12

looking at the rcpp documentation and Rcpp::DataFrame in the gallery I realized that I didn't know how to modify a DataFrame by reference. Googling a bit I found this post on SO and this post on the archive. There is nothing obvious so I suspect I miss something big like "It is already the case because" or "it does not make sense because".
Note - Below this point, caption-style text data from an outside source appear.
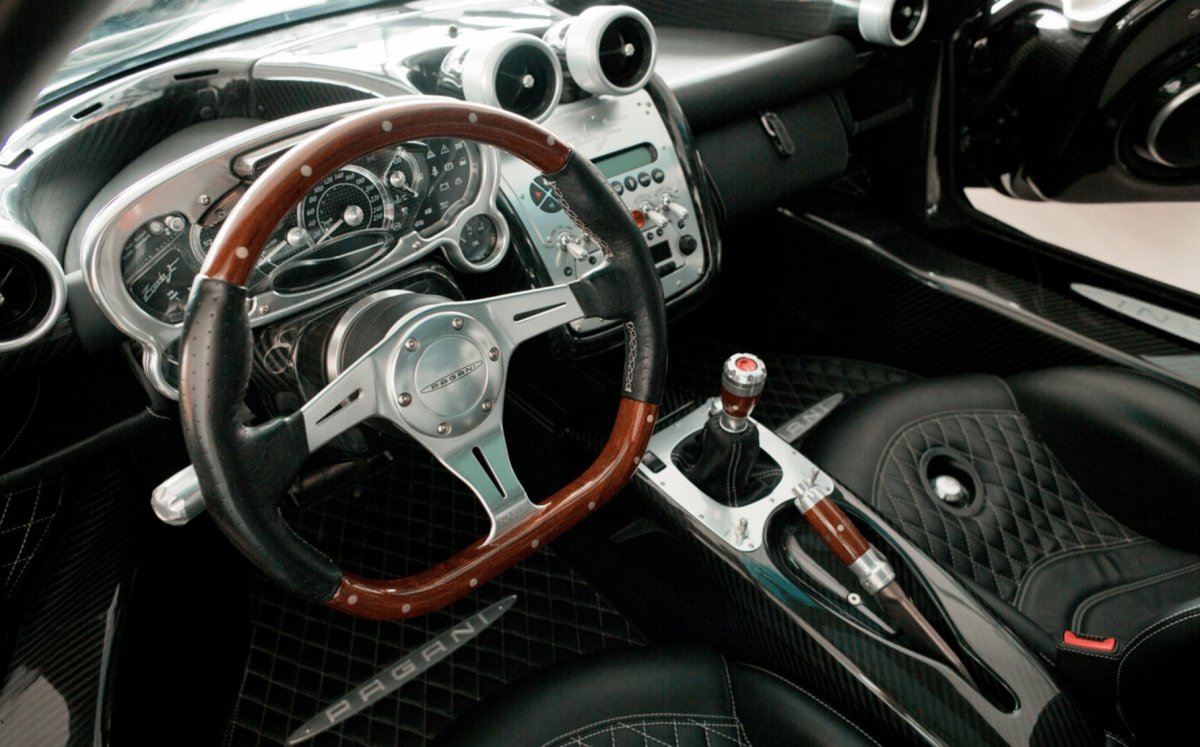 Pagani Zonda c12 салон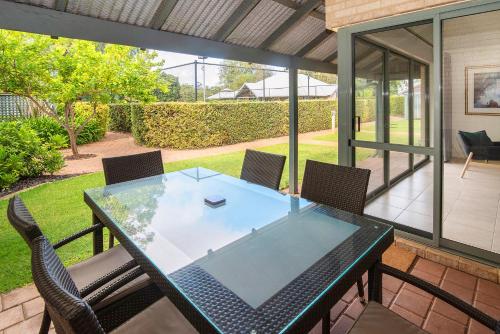 Bayshore Beachside Resort - About Your Stay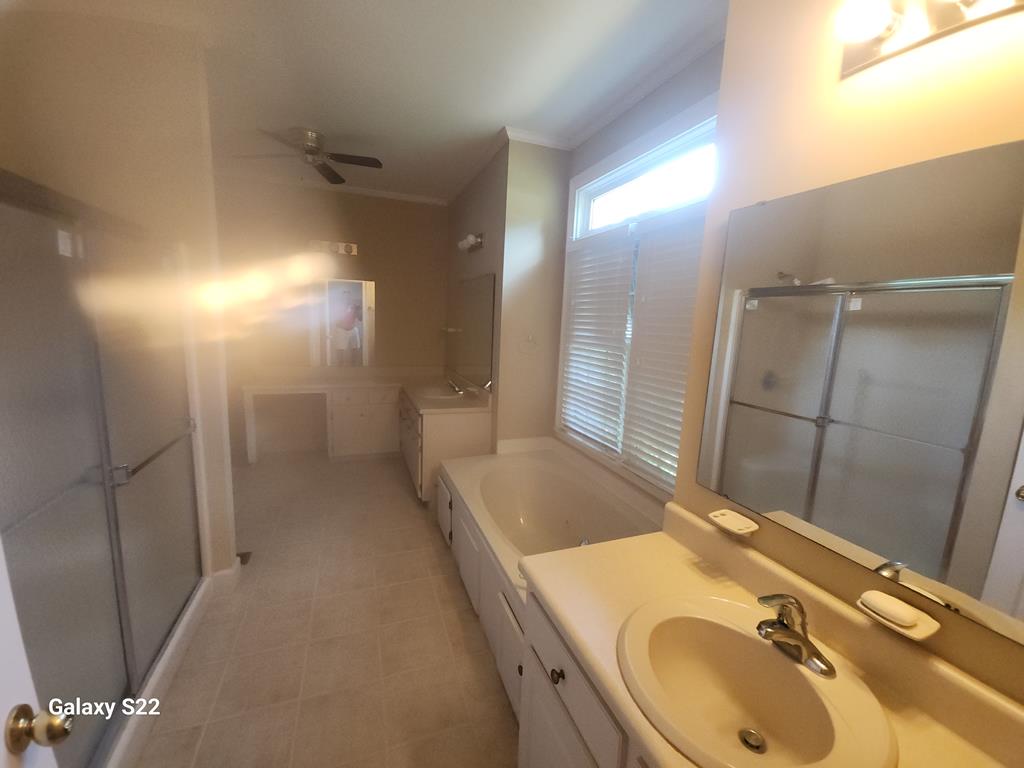 Cordele, Georgia, 31015, United States, 3 Bedrooms Bedrooms, ,3 BathroomsBathrooms,Residential,For Sale,1931643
I tried the following which compiled but the data.frame object passed to updateDFByRef in R stayed untouched

#include <Rcpp.h>
using namespace Rcpp;

// [[Rcpp::export]]
void updateDFByRef(DataFrame& df) {
    int N = df.nrows();
    NumericVector newCol(N,1.);
    df["newCol"] = newCol;
    return;
}
statquant
  • 13,672
  • 21
  • 91
  • 162

2 Answers2

14

The way DataFrame::operator[] is implemented indeed leeds to a copy when you do that:

df["newCol"] = newCol;

To do what you want, you need to consider what a data frame is, a list of vectors, with certain attributes. Then you can grab data from the original, by copying the vectors (the pointers, not their content).
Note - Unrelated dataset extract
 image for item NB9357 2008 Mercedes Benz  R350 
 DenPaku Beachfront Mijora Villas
Something like this does it. It is a little more work, but not that hard.

// [[Rcpp::export]]
List updateDFByRef(DataFrame& df, std::string name) {
    int nr = df.nrows(), nc= df.size() ;
    NumericVector newCol(nr,1.);
    List out(nc+1) ;
    CharacterVector onames = df.attr("names") ;
    CharacterVector names( nc + 1 ) ;
    for( int i=0; i<nc; i++) {
        out[i] = df[i] ;
        names[i] = onames[i] ;
    }
    out[nc] = newCol ;
    names[nc] = name ;
    out.attr("class") = df.attr("class") ;
    out.attr("row.names") = df.attr("row.names") ;
    out.attr("names") = names ;
    return out ;
}

There are issues associated with this approach. Your original data frame and the one you created share the same vectors and so bad things can happen. So only use this if you know what you are doing.

Romain Francois
  • 17,432
  • 3
  • 51
  • 77
  • Thank you very much, that's clearer now, I think I was was missing basic knowledge like the fact that `SEXP` were already references. I'll have a look to http://cran.r-project.org/doc/manuals/r-release/R-ints.pdf. For now I was "preparing" the `data.table` in R adding an extra column and updated it within Rcpp, so no copy (I think) was done. That's much better, I understand the risks doing this but it is fine for what I am doing. Merci beaucoup. – statquant Apr 01 '13 at 17:12
  • 1
    Once again, you are just plain wrong: _I think I was was missing basic knowledge like the fact that SEXP were already references_. Not references, but pointers. Try to look up what the last letter in SEXP stands for. – Dirk Eddelbuettel Apr 01 '13 at 19:10
2

The short answers is "because it makes no sense".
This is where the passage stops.